**WHAT THE TASK ASKS:**
Print the line containing "Pendientes ovalados colgantes" and all lines after it, unchanged, through the end of the data. Leave the pictures out.

++++

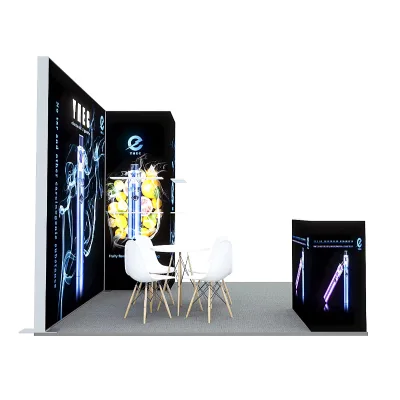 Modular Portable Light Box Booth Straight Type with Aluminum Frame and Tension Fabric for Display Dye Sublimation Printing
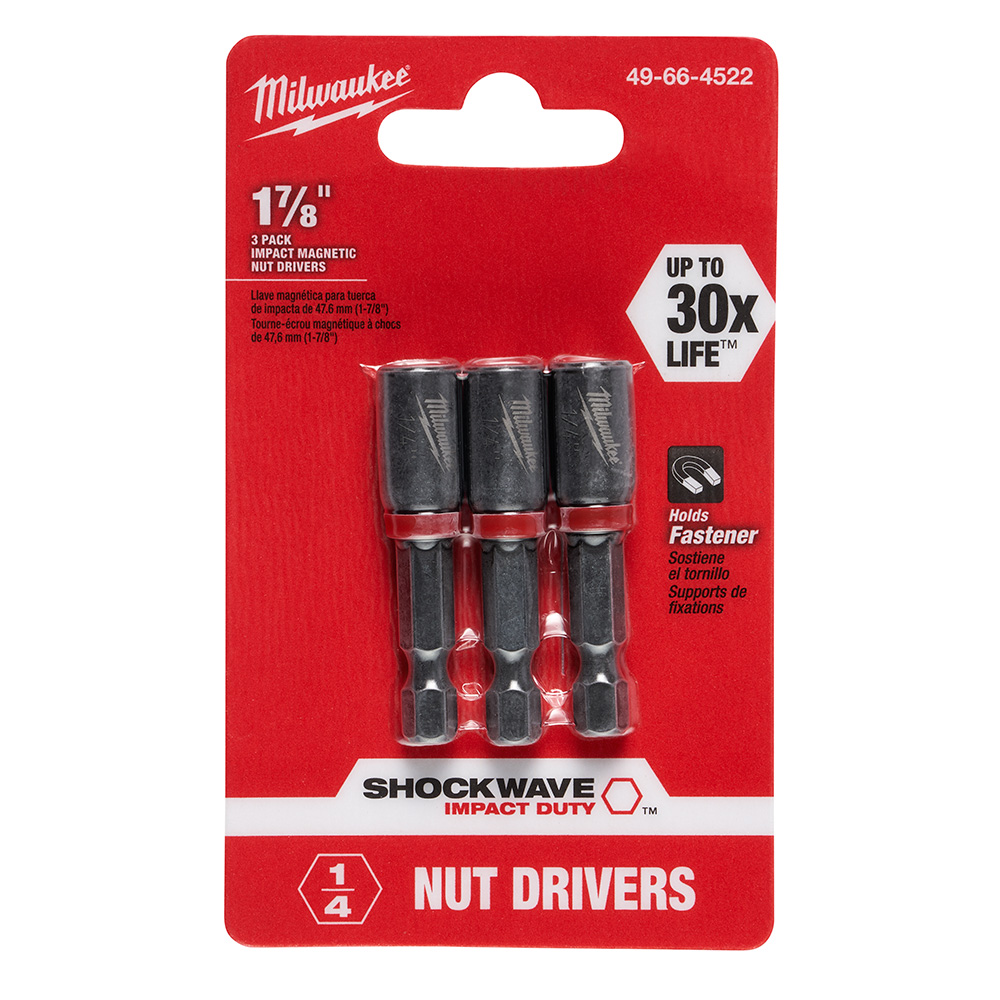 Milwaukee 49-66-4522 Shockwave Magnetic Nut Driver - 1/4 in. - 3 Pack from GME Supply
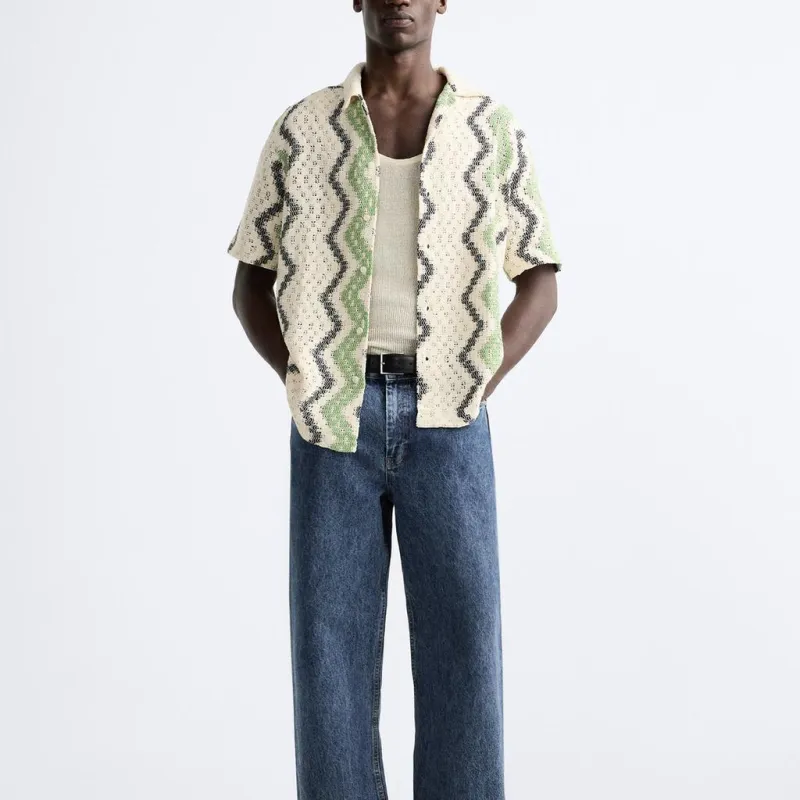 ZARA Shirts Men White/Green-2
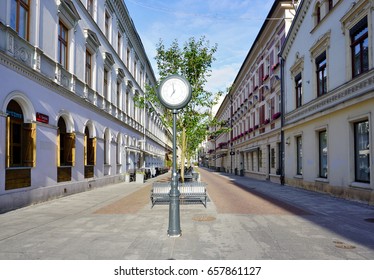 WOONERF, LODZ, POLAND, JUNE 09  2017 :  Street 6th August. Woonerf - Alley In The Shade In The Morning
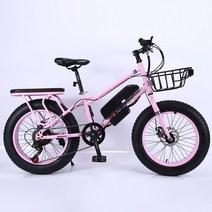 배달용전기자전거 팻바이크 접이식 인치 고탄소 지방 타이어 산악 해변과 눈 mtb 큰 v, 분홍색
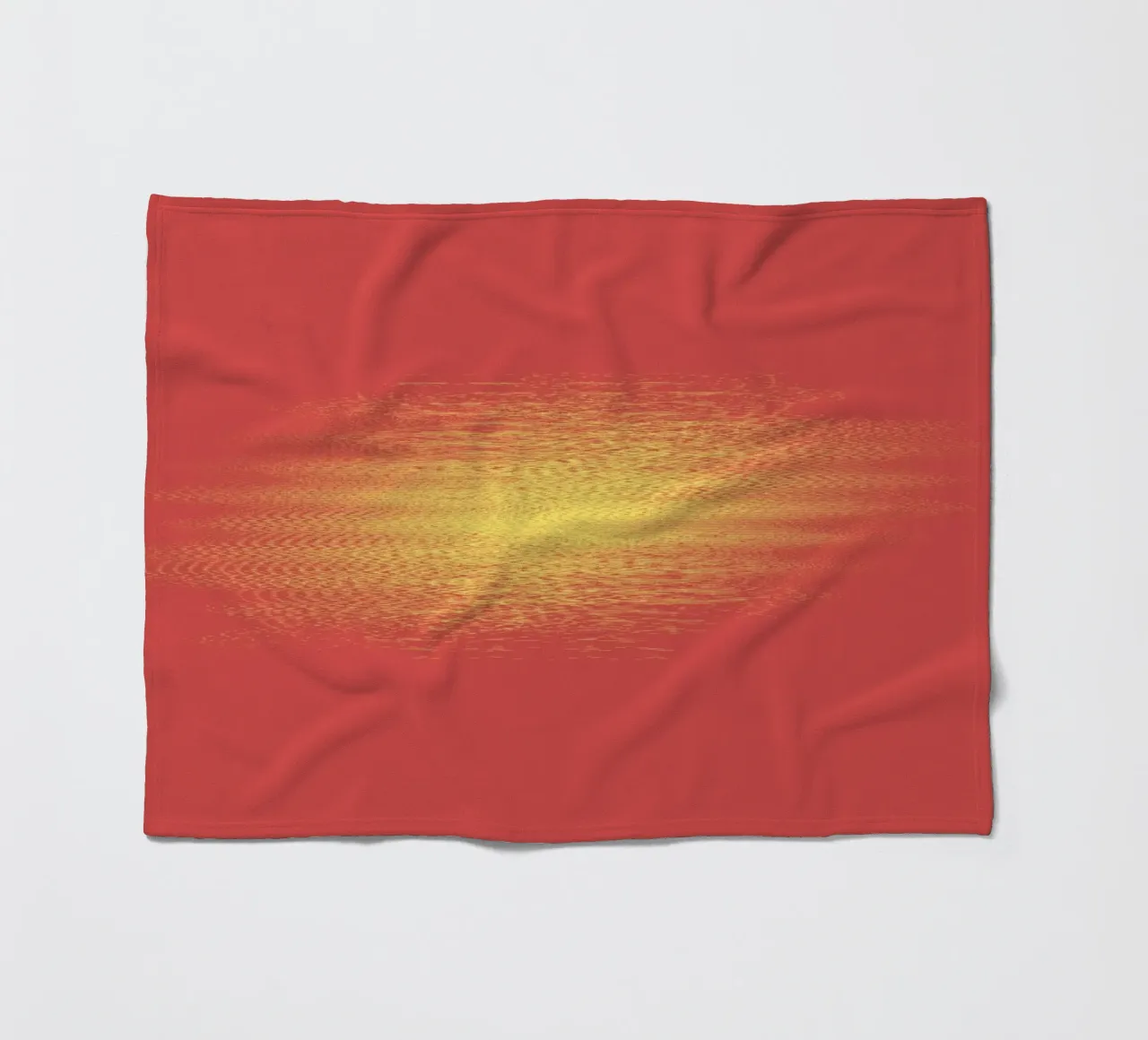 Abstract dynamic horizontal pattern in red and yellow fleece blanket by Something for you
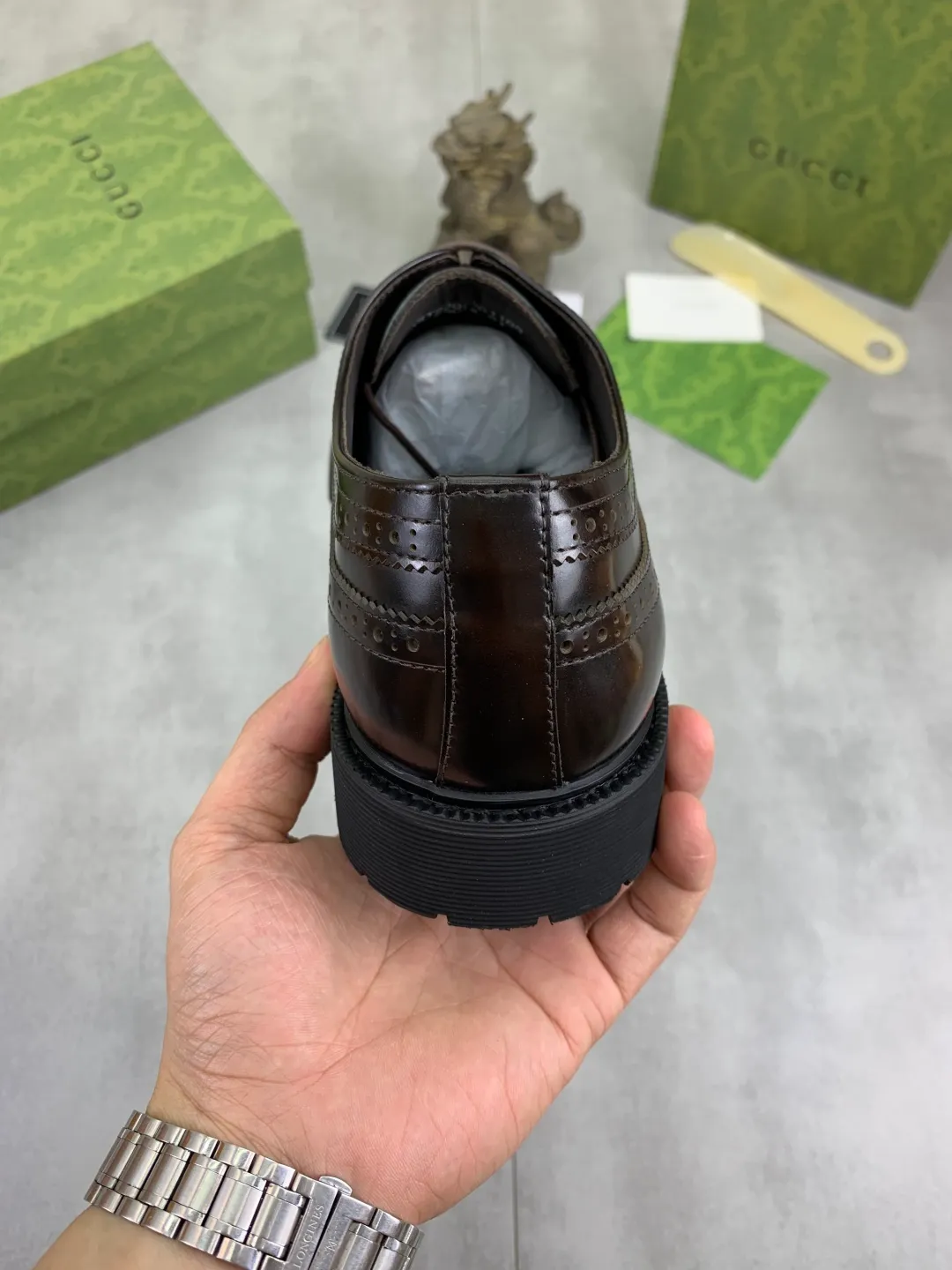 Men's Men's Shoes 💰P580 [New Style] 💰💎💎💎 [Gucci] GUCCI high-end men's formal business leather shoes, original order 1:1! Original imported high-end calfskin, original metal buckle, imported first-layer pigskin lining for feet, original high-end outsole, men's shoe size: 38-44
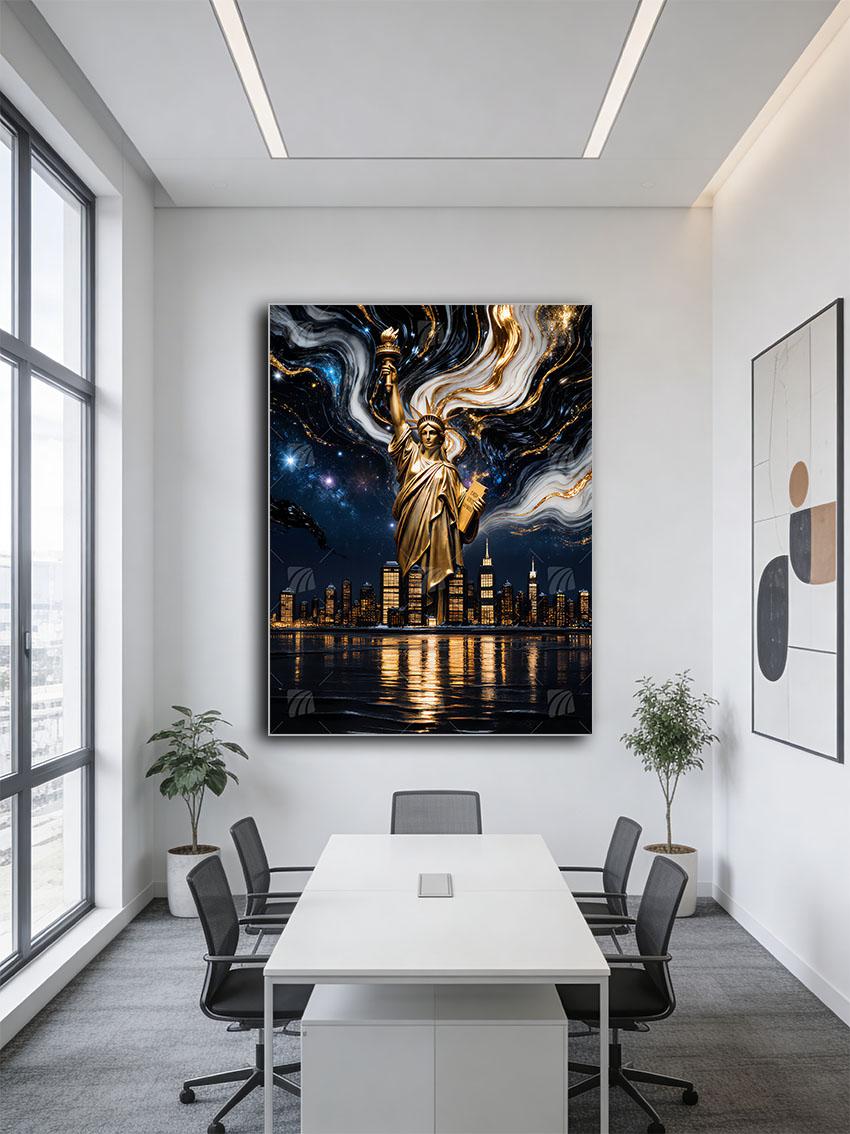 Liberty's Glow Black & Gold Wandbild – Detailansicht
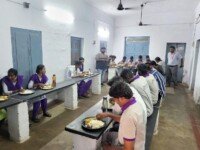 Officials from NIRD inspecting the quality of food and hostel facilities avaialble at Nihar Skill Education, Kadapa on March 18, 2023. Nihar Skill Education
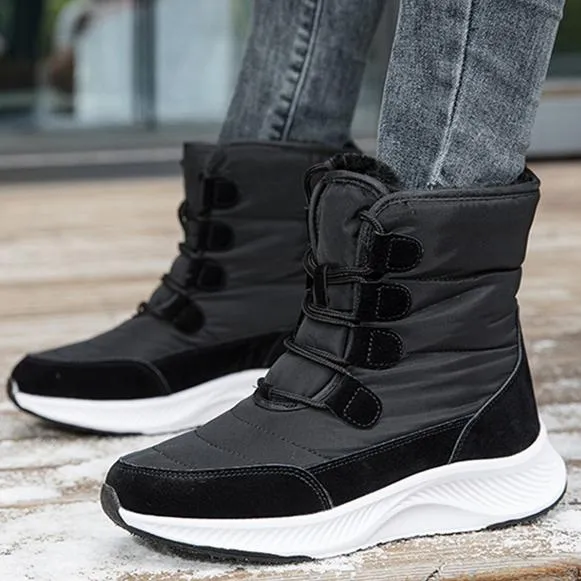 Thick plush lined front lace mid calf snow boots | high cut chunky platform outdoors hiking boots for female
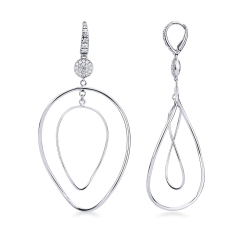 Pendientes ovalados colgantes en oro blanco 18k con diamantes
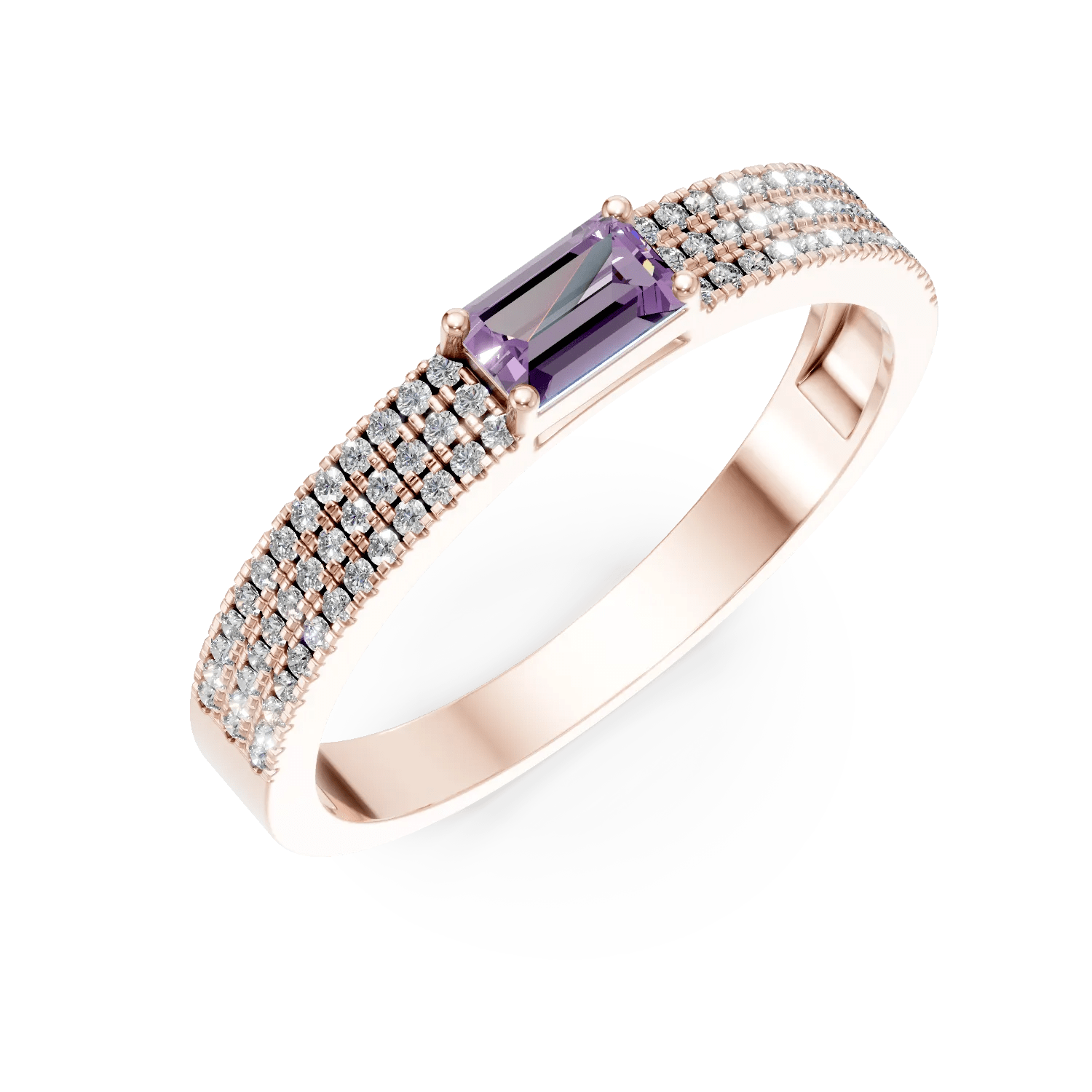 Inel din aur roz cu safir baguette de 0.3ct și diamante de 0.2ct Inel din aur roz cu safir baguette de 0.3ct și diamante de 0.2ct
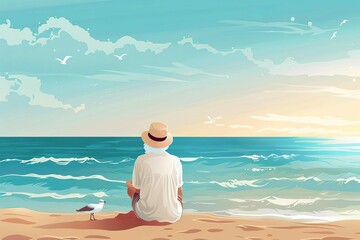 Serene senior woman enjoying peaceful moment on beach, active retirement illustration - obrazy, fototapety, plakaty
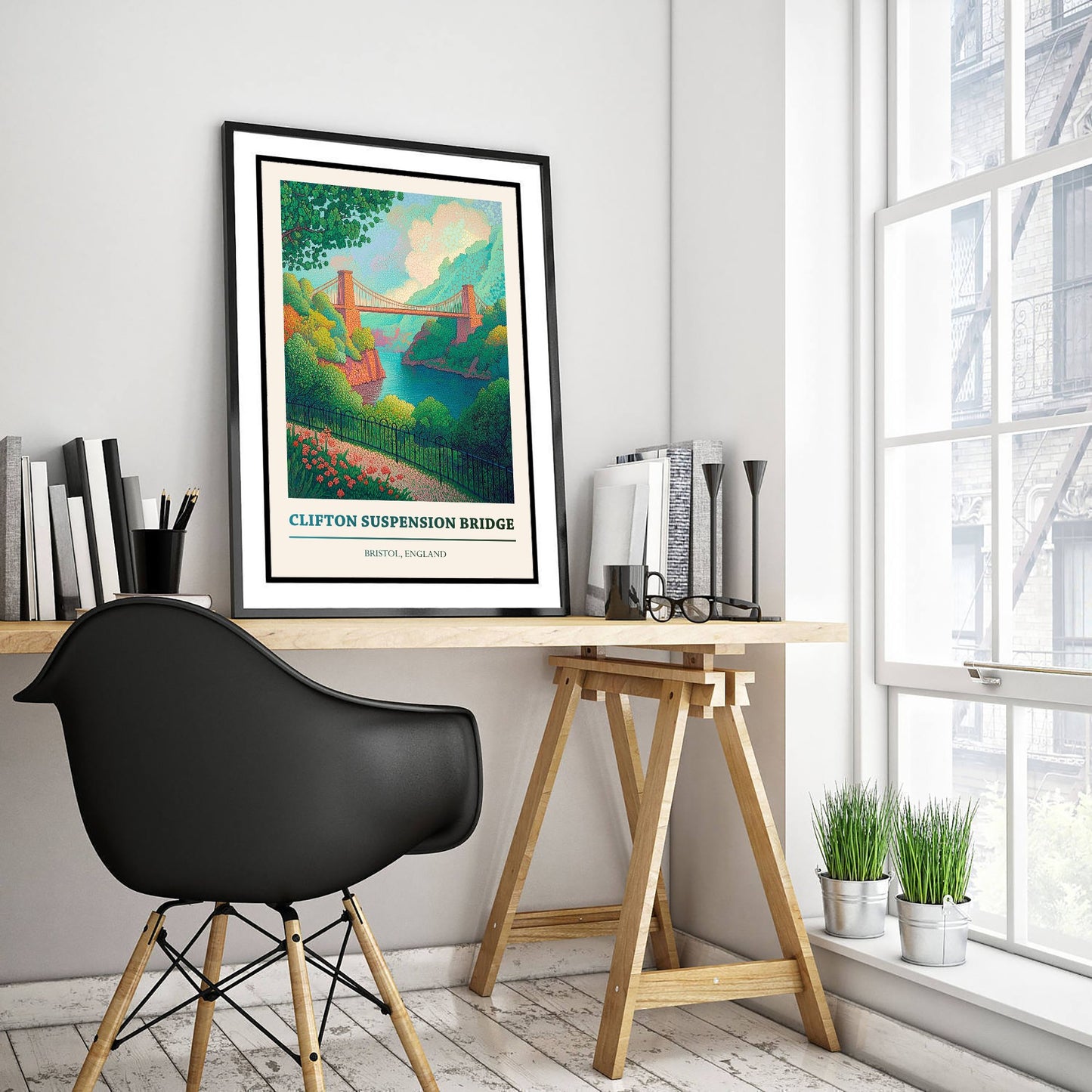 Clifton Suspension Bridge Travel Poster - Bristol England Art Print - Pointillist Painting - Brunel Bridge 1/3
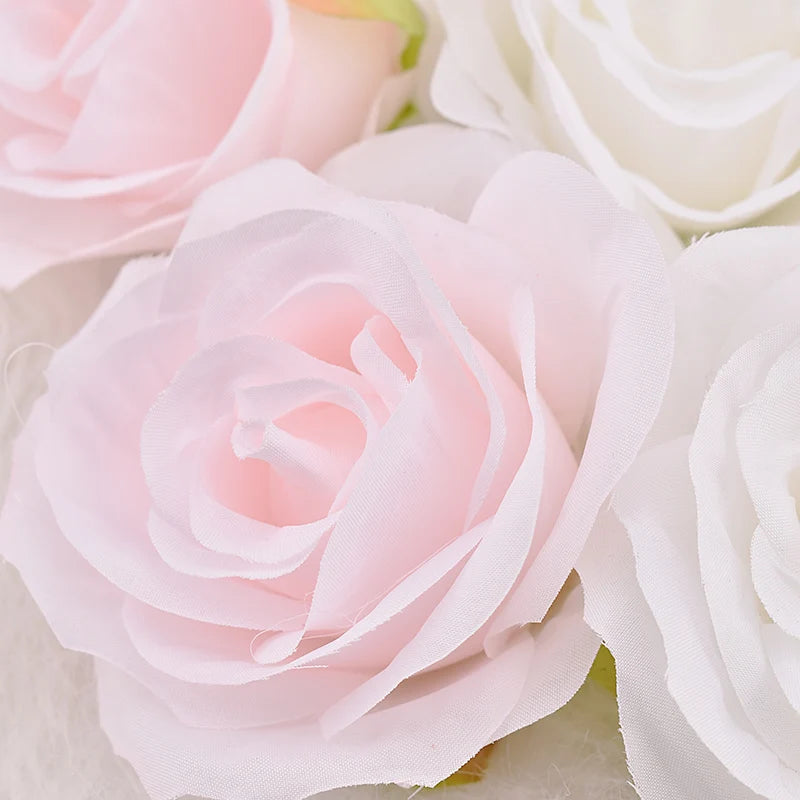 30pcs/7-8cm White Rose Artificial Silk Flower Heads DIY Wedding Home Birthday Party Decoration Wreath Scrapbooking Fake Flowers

++++

**RESULT OF THIS EXERCISE:**
 Pendientes ovalados colgantes en oro blanco 18k con diamantes
 Inel din aur roz cu safir baguette de 0.3ct și diamante de 0.2ct Inel din aur roz cu safir baguette de 0.3ct și diamante de 0.2ct
 Serene senior woman enjoying peaceful moment on beach, active retirement illustration - obrazy, fototapety, plakaty
 Clifton Suspension Bridge Travel Poster - Bristol England Art Print - Pointillist Painting - Brunel Bridge 1/3
 30pcs/7-8cm White Rose Artificial Silk Flower Heads DIY Wedding Home Birthday Party Decoration Wreath Scrapbooking Fake Flowers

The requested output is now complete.